Electric-Field-Treated Ni/Co3O4 Film as High-Performance Bifunctional Electrocatalysts for Efficient Overall Water Splitting

Junming Li; Jun Li; Jun Ren; Hong Hong; Dongxue Liu; Lizhe Liu; Dunhui Wang

doi:10.1007/s40820-022-00889-3

Electric-Field-Treated Ni/Co₃O₄ Film as High-Performance Bifunctional Electrocatalysts for Efficient Overall Water Splitting

Nanomicro Lett. 2022 Jul 22;14(1):148. doi: 10.1007/s40820-022-00889-3.

Authors

Junming Li¹, Jun Li¹, Jun Ren¹, Hong Hong¹, Dongxue Liu¹, Lizhe Liu¹, Dunhui Wang^{2

3}

Affiliations

¹ National Laboratory of Solid State Microstructures, Collaborative Innovation Center of Advanced Microstructures, Jiangsu Provincial Key Laboratory for Nanotechnology, School of Physics, Nanjing University, Nanjing, 210093, People's Republic of China.
² National Laboratory of Solid State Microstructures, Collaborative Innovation Center of Advanced Microstructures, Jiangsu Provincial Key Laboratory for Nanotechnology, School of Physics, Nanjing University, Nanjing, 210093, People's Republic of China. wangdh@hdu.edu.cn.
³ Hangzhou Dianzi University, Hangzhou, 310018, People's Republic of China. wangdh@hdu.edu.cn.

Abstract

Highlights:

A novel physical approach is proposed to enhance the electrocatalytic performance by electric field.
Under the action of electric field, some stable conductive filaments consisting of oxygen vacancies are formed in the Ni/Co₃O₄ film, which remarkably reduces the system resistivity.
The electric-field-treated Ni/Co₃O₄ material exhibits significantly superior activity and stability as a bifunctional electrocatalyst for overall water splitting, and its performance exceeds the state-of-the-art electrocatalysts.

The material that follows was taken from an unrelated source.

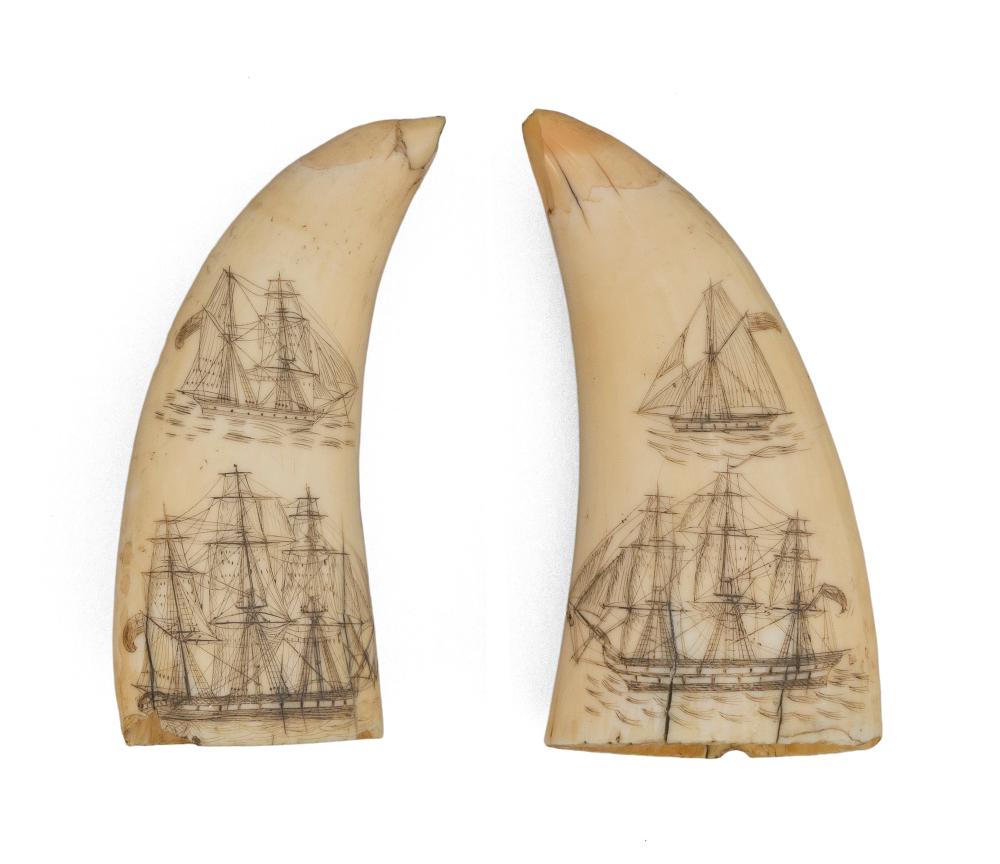 PAIR OF SCRIMSHAW WHALE S TEETH 34c67a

Abstract: Rational design of bifunctional electrocatalysts for oxygen evolution reaction (OER) and hydrogen evolution reaction (HER) with excellent activity and stability is of great significance, since overall water splitting is a promising technology for sustainable conversion of clean energy. However, most electrocatalysts do not simultaneously possess optimal HER/OER activities and their electrical conductivities are intrinsically low, which limit the development of overall water splitting. In this paper, a strategy of electric field treatment is proposed and applied to Ni/Co₃O₄ film to develop a novel bifunctional electrocatalyst. After treated by electric field, the conductive channels consisting of oxygen vacancies are formed in the Co₃O₄ film, which remarkably reduces the resistance of the system by almost 2 × 10⁴ times. Meanwhile, the surface Ni metal electrode is partially oxidized to nickel oxide, which enhances the catalytic activity. The electric-field-treated Ni/Co₃O₄ material exhibits super outstanding performance of HER, OER, and overall water splitting, and the catalytic activity is significantly superior to the state-of-the-art noble metal catalysts (Pt/C, RuO₂, and RuO₂ ǁ Pt/C couple). This work provides an effective and feasible method for the development of novel and efficient bifunctional electrocatalyst, which is also promising for wide use in the field of catalysis.

Supplementary Information: The online version contains supplementary material available at 10.1007/s40820-022-00889-3.

Keywords: Bifunctional electrocatalyst; Co3O4 film; Electric field; Overall water splitting; Oxygen vacancies.